*** Task material Section Begins ***

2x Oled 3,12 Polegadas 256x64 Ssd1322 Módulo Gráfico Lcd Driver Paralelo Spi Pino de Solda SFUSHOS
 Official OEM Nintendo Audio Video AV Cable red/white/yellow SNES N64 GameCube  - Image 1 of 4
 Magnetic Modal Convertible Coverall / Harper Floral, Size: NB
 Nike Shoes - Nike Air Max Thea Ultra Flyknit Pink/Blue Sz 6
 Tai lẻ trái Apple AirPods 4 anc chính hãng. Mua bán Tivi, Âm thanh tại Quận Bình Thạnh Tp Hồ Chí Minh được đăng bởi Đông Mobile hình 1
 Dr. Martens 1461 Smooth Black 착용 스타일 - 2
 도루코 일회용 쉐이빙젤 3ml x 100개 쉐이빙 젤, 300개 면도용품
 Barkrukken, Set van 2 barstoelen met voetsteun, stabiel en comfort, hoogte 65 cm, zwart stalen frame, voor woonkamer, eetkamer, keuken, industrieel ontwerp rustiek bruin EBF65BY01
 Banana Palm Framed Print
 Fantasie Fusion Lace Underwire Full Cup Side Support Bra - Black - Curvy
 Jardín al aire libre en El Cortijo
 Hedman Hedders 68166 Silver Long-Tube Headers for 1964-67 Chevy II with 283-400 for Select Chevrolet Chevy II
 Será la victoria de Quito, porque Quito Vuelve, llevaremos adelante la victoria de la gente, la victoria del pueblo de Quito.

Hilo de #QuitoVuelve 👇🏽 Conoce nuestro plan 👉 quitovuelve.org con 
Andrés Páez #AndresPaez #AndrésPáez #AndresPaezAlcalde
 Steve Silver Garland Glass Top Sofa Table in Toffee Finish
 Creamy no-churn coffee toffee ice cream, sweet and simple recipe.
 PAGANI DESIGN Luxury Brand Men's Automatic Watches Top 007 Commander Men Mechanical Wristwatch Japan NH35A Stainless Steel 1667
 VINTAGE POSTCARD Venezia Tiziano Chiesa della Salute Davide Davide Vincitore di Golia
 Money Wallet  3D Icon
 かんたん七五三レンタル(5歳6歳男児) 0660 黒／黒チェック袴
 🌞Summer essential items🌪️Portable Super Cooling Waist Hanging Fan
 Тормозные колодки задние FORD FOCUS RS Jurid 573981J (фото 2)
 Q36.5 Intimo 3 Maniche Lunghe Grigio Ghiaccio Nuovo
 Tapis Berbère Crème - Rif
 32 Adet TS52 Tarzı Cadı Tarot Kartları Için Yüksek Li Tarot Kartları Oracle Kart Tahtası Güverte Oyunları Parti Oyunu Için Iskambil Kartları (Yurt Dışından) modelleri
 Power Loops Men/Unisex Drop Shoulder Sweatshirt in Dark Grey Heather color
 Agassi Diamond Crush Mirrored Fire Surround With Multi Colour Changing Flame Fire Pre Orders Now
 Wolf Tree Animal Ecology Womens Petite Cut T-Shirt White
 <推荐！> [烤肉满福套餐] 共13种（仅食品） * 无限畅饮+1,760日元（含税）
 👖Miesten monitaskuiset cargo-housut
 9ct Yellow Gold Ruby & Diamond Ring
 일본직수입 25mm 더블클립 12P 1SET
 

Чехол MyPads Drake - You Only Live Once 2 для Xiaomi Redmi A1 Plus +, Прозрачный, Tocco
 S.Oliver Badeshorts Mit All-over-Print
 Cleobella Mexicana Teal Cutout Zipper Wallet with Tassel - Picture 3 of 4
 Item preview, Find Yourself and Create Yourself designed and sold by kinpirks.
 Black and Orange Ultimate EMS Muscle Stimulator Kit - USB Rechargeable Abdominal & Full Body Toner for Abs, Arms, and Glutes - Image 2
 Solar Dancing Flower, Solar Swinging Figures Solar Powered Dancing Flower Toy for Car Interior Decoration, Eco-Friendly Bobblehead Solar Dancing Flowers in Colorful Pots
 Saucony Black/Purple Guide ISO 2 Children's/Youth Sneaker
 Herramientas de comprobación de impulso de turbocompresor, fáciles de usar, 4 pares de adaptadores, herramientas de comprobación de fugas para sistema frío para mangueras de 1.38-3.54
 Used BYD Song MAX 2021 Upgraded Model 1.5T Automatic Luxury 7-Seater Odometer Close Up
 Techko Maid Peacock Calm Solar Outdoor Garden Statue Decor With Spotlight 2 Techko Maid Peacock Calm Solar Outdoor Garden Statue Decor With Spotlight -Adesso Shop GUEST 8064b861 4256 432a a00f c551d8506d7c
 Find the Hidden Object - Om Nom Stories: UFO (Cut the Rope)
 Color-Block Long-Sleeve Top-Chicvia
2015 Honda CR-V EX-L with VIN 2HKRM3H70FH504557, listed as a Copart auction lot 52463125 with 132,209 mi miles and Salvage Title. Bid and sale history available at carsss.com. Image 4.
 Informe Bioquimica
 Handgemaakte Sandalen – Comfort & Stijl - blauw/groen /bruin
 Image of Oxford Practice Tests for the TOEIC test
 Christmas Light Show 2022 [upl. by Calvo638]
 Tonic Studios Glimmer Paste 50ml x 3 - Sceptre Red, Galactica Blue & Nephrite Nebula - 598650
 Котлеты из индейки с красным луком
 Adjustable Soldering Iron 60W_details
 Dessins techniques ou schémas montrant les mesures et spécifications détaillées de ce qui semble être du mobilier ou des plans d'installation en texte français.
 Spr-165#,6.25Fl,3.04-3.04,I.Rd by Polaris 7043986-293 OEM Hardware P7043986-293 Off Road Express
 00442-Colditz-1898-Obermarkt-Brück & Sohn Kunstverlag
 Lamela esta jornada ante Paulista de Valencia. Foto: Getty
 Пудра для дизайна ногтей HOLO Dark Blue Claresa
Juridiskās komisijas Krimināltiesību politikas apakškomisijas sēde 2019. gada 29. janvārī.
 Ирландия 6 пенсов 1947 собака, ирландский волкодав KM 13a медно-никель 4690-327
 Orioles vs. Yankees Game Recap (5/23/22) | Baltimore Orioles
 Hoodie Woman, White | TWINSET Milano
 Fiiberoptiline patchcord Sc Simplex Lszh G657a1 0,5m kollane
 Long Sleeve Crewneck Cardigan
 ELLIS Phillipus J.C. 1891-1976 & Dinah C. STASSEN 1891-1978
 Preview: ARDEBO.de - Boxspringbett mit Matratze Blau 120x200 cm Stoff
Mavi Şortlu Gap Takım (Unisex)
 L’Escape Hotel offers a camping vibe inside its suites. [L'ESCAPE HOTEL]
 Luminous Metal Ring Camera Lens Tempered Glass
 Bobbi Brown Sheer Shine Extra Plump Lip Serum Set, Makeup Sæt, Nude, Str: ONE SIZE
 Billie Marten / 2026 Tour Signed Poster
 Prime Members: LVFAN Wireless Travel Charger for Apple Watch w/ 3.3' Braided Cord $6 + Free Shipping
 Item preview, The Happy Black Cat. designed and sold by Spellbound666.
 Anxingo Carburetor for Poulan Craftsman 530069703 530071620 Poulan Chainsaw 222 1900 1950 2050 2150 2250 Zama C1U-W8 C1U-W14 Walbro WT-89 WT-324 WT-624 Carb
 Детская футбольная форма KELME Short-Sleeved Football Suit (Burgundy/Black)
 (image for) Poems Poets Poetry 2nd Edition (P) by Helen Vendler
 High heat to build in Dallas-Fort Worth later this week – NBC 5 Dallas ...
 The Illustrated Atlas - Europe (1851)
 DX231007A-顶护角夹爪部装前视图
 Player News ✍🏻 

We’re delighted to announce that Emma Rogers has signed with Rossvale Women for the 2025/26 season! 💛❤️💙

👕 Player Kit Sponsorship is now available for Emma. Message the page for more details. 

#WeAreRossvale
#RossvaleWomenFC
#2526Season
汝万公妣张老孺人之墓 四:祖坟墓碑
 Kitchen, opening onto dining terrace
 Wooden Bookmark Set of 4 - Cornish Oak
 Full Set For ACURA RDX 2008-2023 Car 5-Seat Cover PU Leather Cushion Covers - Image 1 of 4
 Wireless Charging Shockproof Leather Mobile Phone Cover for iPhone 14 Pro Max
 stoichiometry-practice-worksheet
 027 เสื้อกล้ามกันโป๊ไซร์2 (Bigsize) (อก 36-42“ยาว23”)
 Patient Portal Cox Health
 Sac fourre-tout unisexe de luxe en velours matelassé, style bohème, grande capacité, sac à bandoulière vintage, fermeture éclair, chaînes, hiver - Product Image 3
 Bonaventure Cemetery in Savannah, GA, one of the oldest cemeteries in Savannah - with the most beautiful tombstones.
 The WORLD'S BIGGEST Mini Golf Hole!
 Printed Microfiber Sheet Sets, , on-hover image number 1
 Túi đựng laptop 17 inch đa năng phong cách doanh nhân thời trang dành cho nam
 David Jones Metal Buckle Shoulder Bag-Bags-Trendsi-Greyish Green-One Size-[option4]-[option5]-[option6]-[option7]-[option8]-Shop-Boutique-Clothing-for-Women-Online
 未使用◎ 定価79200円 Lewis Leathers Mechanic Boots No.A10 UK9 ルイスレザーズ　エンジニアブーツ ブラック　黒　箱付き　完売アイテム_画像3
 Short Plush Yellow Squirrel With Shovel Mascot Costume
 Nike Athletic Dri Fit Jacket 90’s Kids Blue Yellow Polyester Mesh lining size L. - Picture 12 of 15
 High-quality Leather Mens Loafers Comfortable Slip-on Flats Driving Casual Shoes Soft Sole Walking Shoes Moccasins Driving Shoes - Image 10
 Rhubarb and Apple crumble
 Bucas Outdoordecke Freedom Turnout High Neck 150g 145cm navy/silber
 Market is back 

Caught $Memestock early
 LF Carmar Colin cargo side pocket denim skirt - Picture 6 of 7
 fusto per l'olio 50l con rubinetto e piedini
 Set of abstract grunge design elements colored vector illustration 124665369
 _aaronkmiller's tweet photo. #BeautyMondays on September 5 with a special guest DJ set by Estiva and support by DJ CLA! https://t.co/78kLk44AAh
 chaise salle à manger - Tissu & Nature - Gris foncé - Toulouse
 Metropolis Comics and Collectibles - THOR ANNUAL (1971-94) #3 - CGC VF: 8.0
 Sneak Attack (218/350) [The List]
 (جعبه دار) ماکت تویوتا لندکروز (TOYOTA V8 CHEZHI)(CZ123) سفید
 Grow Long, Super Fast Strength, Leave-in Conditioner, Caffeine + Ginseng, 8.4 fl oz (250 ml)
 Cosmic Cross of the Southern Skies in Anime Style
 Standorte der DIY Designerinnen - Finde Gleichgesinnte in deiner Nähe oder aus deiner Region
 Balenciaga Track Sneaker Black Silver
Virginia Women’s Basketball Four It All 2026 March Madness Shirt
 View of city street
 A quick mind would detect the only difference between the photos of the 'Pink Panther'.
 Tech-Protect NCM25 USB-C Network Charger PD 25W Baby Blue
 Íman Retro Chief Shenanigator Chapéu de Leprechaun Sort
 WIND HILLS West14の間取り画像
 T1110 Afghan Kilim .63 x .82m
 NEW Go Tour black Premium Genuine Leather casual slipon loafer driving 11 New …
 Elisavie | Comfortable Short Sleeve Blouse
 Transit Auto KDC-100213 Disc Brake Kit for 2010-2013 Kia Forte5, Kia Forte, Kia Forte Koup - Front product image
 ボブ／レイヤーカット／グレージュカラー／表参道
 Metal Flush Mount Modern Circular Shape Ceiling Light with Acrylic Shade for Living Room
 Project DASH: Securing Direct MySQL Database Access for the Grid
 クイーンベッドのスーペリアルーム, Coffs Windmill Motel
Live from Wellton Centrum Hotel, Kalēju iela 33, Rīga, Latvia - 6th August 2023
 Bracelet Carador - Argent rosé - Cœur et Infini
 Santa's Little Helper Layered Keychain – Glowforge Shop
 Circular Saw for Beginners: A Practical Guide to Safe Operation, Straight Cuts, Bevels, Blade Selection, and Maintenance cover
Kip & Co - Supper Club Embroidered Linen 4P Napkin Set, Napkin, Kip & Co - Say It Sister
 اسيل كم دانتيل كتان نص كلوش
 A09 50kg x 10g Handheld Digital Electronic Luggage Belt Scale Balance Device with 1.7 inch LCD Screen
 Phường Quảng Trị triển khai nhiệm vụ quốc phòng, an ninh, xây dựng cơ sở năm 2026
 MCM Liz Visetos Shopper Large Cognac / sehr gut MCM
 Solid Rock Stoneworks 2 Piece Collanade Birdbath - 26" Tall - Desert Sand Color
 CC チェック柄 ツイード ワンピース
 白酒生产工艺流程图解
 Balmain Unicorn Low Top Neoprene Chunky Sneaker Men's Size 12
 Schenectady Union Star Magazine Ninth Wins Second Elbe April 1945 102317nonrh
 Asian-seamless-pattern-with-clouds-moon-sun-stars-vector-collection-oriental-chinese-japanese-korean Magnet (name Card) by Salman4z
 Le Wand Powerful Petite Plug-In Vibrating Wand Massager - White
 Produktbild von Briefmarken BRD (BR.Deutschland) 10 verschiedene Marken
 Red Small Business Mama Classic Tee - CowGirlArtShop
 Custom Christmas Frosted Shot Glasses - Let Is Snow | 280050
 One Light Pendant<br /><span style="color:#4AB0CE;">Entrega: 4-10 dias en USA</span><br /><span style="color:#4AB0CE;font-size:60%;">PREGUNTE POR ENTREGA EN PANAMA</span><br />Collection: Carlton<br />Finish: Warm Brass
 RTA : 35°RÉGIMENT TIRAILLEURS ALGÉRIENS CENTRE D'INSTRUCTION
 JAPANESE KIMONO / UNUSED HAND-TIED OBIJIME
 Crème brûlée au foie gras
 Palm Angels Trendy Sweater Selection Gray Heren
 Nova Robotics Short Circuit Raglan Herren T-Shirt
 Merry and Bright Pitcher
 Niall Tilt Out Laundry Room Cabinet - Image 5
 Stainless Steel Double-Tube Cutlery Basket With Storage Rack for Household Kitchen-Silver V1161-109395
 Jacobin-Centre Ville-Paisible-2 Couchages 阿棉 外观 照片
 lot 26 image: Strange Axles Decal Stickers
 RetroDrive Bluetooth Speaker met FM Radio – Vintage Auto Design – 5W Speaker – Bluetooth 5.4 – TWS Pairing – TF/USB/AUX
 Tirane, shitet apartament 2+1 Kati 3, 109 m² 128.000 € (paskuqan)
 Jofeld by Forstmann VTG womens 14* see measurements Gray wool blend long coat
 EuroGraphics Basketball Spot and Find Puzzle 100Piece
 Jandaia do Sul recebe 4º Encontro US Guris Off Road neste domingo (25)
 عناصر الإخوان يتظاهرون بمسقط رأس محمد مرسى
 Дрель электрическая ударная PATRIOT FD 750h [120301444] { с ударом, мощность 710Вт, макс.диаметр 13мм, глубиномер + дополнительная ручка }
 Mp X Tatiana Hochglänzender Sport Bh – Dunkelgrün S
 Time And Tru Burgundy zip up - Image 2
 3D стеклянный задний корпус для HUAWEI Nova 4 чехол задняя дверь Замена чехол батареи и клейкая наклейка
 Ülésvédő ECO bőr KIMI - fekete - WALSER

*** Task material Section Ends ***

**What you are asked to do**
If a line falls between the first line of the data above and the line holding "PAGANI DESIGN Luxury", inclusive, retype it exactly; retype no other line.

**Task result**
2x Oled 3,12 Polegadas 256x64 Ssd1322 Módulo Gráfico Lcd Driver Paralelo Spi Pino de Solda SFUSHOS
 Official OEM Nintendo Audio Video AV Cable red/white/yellow SNES N64 GameCube  - Image 1 of 4
 Magnetic Modal Convertible Coverall / Harper Floral, Size: NB
 Nike Shoes - Nike Air Max Thea Ultra Flyknit Pink/Blue Sz 6
 Tai lẻ trái Apple AirPods 4 anc chính hãng. Mua bán Tivi, Âm thanh tại Quận Bình Thạnh Tp Hồ Chí Minh được đăng bởi Đông Mobile hình 1
 Dr. Martens 1461 Smooth Black 착용 스타일 - 2
 도루코 일회용 쉐이빙젤 3ml x 100개 쉐이빙 젤, 300개 면도용품
 Barkrukken, Set van 2 barstoelen met voetsteun, stabiel en comfort, hoogte 65 cm, zwart stalen frame, voor woonkamer, eetkamer, keuken, industrieel ontwerp rustiek bruin EBF65BY01
 Banana Palm Framed Print
 Fantasie Fusion Lace Underwire Full Cup Side Support Bra - Black - Curvy
 Jardín al aire libre en El Cortijo
 Hedman Hedders 68166 Silver Long-Tube Headers for 1964-67 Chevy II with 283-400 for Select Chevrolet Chevy II
 Será la victoria de Quito, porque Quito Vuelve, llevaremos adelante la victoria de la gente, la victoria del pueblo de Quito.

Hilo de #QuitoVuelve 👇🏽 Conoce nuestro plan 👉 quitovuelve.org con 
Andrés Páez #AndresPaez #AndrésPáez #AndresPaezAlcalde
 Steve Silver Garland Glass Top Sofa Table in Toffee Finish
 Creamy no-churn coffee toffee ice cream, sweet and simple recipe.
 PAGANI DESIGN Luxury Brand Men's Automatic Watches Top 007 Commander Men Mechanical Wristwatch Japan NH35A Stainless Steel 1667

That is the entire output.